There have been several great Kernels created so far that use Keras to develop convolutional neural networks to classify an image as containing an iceberg or not. I have been using a Keras made cnn, and my work right now focuses on 1. Tweaking the nn setup to optimize predictive ability. 2. Creating more data on which to train the nn.

In this kernel I discuss how I'm going about accomplishing goal number 2. This is an easy job using Keras, but the task at hand has a little catch. Keras ImageDataGenerator() is designed to take 1, 3, or 4 channels of data... but here we have two input channels. In order to solve this problem, I first add an additional dummy channel to the input data, and then when the data is generated I pull the dummy channel off and go about my nn training.
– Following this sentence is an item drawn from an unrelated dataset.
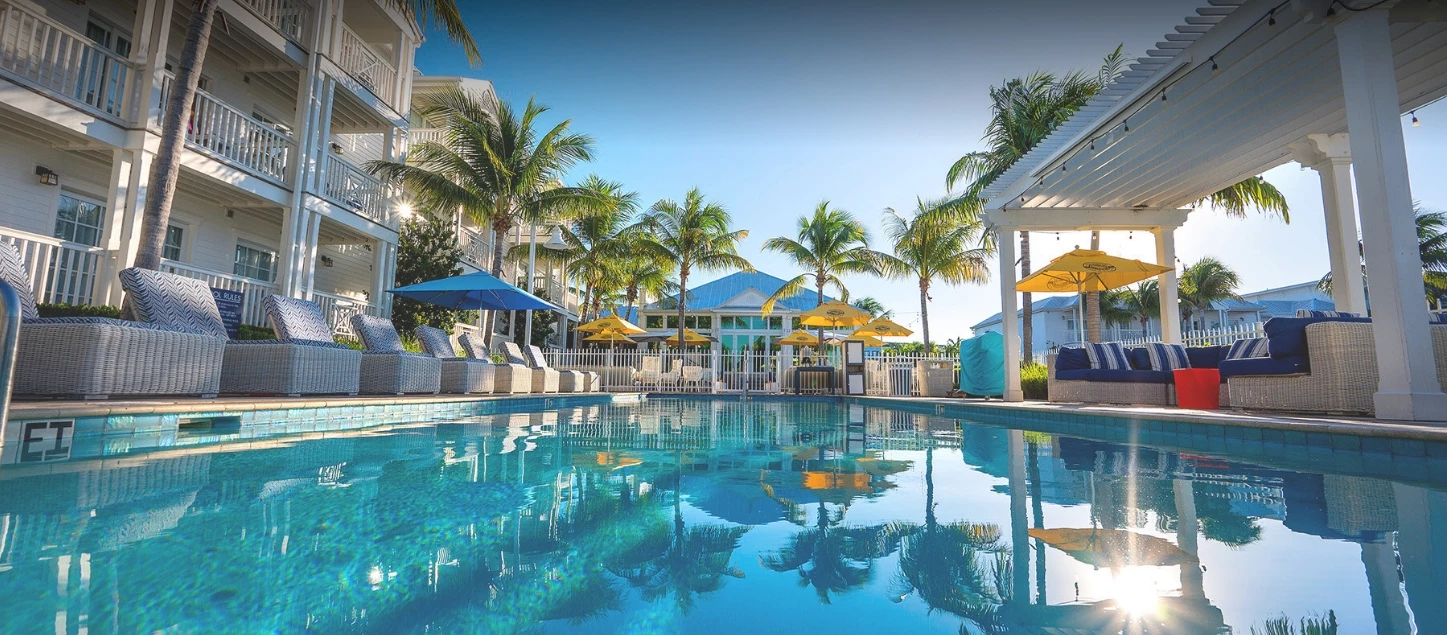 a pool with chairs and umbrellas by a building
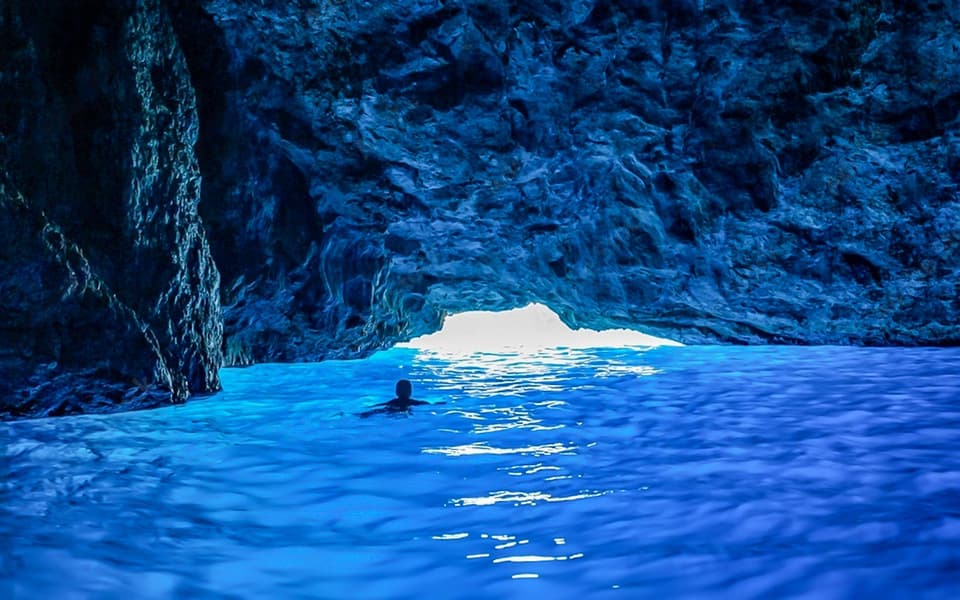 Swimmer in the glowing blue water of a sea cave near Dubrovnik, Croatia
The first section here I draw from 'Exploring the Icebergs with skimage and Keras' by Kevin Mader for the read-in and train/test split. (You can pair the new data you make with that Kernel's cnn for some pretty good results!)

In [None]:
import pandas as pd
import numpy as np


from sklearn.model_selection import train_test_split
from keras.utils.np_utils import to_categorical


In [None]:
# load function from: https://www.kaggle.com/kmader/exploring-the-icebergs-with-skimage-and-keras
# b/c I didn't want to reinvent the wheel
def load_and_format(in_path):
	""" take the input data in .json format and return a df with the data and an np.array for the pictures """
	out_df = pd.read_json(in_path)
	out_images = out_df.apply(lambda c_row: [np.stack([c_row['band_1'],c_row['band_2']], -1).reshape((75,75,2))],1)
	out_images = np.stack(out_images).squeeze()
	return out_df, out_images


train_df, train_images = load_and_format('../input/train.json')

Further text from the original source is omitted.